Comme la rapidité du cheval ou la longueur du cou de la girafe, l'intelligence humaine est un produit de l'évolution. Elle a donc été sélectionnée comme un mécanisme de survie permettant la matérialisation de dangers qui ne sont pas immédiatement présents, la mise en oeuvre de stratégies d'anticipation ainsi que l'élaboration d'une organisation sociale basée sur des règles verbalement transmissibles. L'intelligence est un outil de survie, pas un outil de bien-être.
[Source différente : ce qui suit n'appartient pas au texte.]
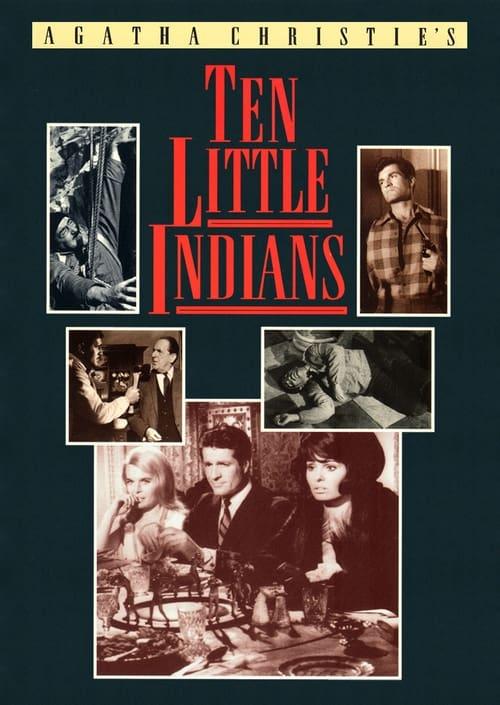 Ten Little Indians filmas online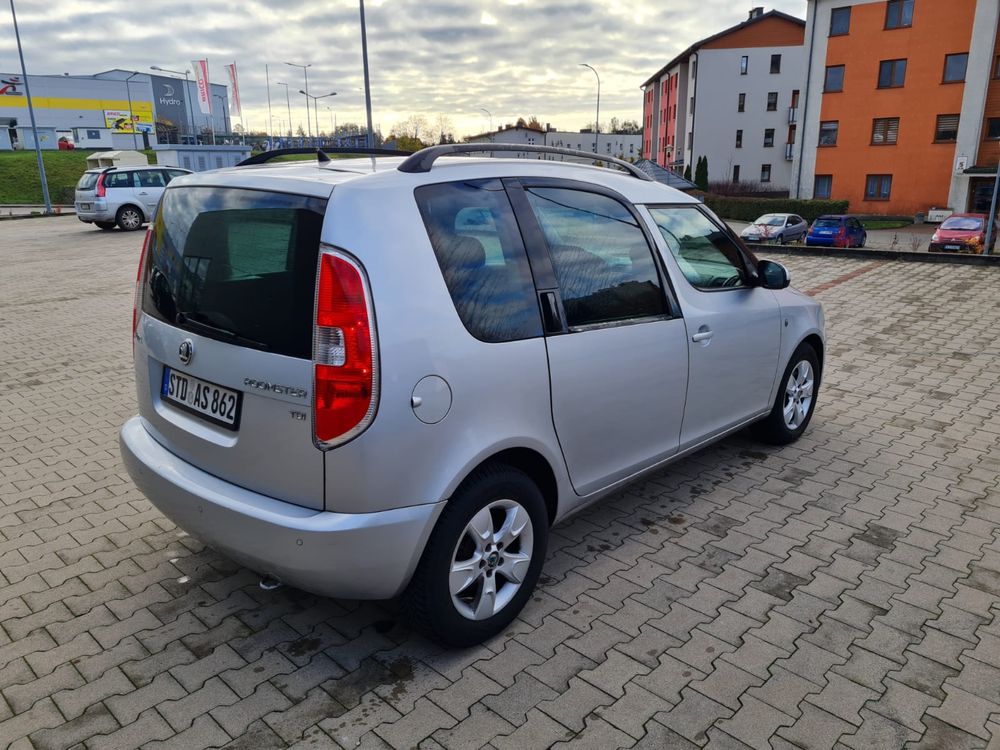 Skoda Roomster 1.6 TDI 2013r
En même temps qu'elle confère à l'être humain un pouvoir inconnu de tout autre être vivant, elle l'afflige d'une lucidité lourde à porter : Quels que soient les avantages et les qualités du lieu dans lequel je me trouve, mon intelligence va automatiquement en repérer les inconvénients et me faire miroiter un ailleurs meilleur. Aussi heureux mon présent soit-il, elle va me dresser la liste des pertes auxquelles je peux m'attendre et des catastrophes que je puis encourir. Elle fonctionne ainsi comme une formidable machine à pourrir l'ici et le maintenant.
Notre capacité de représenter virtuellement des réalités futures ou lointaines comme si elles étaient présentes nous protège contre des dangers avec lesquels nous n'avons jamais eu de contact immédiat et nous permet d'échafauder des solutions à des problèmes complexes sans avoir à multiplier les essais et les erreurs. Mais nous ne pouvons pas l'inactiver temporairement comme on débranche son téléphone quand on veut être tranquille. La théorie des cadres relationnels qui propose un compte rendu scientifique du fonctionnement de l'intelligence humaine nous aide à mieux comprendre pourquoi.
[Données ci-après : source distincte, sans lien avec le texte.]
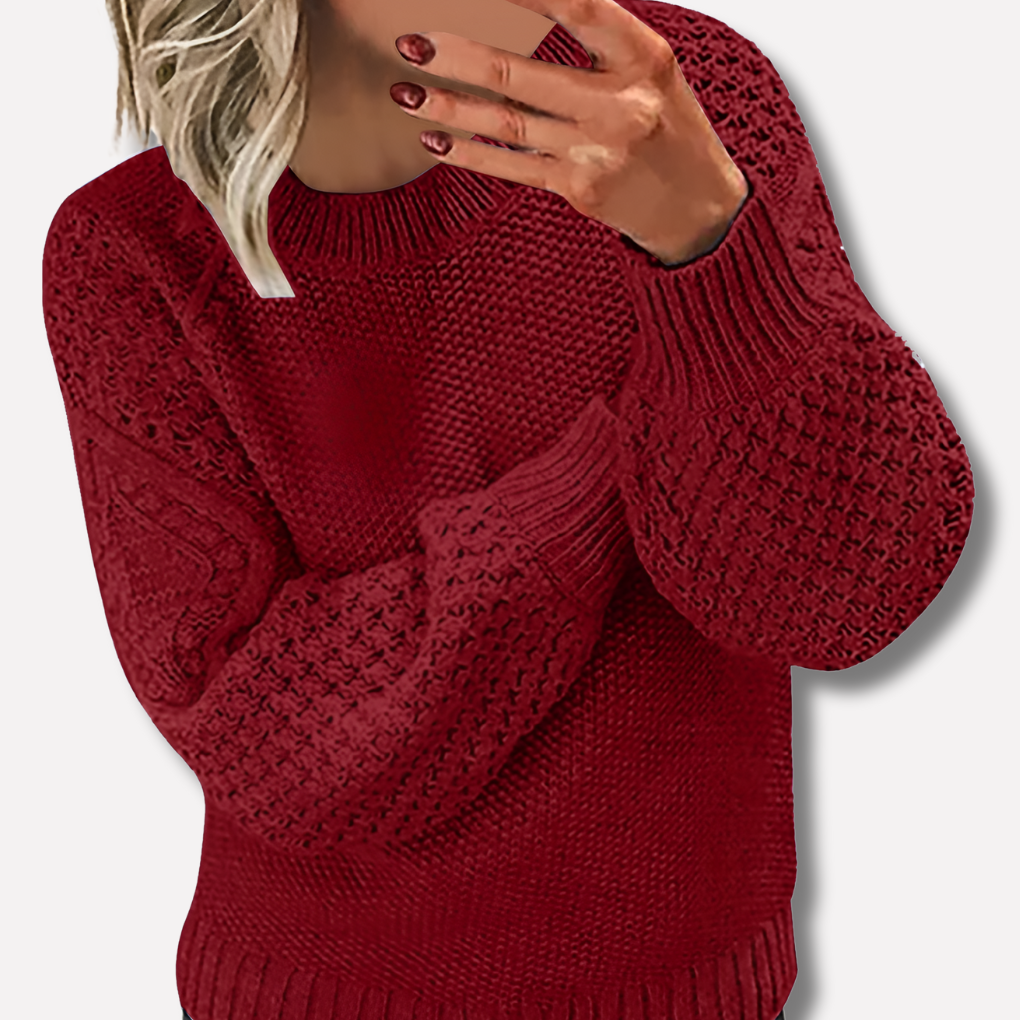Women's Elegant Warm Sweater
Nous avons appris dès notre plus jeune âge à utiliser l'intelligence pour agir sur le monde qui nous entoure. Nous ne sommes pas davantage conscients de son fonctionnement que de la matérialité de l'air que nous respirons et il est probablement encore plus difficile de prendre conscience du fonctionnement de l'intelligence qu'il ne l'est d'être attentif à sa respiration. La voix intérieure qui sans cesse commente nos actes, planifie et prévoit, regrette ou critique, nous est si familière que nous avons tendance à nous confondre avec elle et à croire que ce qu'elle nous dit est la vérité – surtout quand elle nous dit que c'est la vérité !
Agir avec intelligence sur la réalité extérieure apporte des expériences de succès, des satisfactions grisantes. L'enfant reçoit très tôt le message qu'il peut aussi appliquer son intelligence pour modifier son monde interne : Ne pleure pas, ce n'est pas grave. Il ne faut pas avoir peur, il n'y a pas de monstres ici. Du haut de ses trois pommes, il peut avoir l'impression que les adultes réussissent à faire ce qu'ils préconisent puisqu'il ne les voit pas pleurer ou trembler.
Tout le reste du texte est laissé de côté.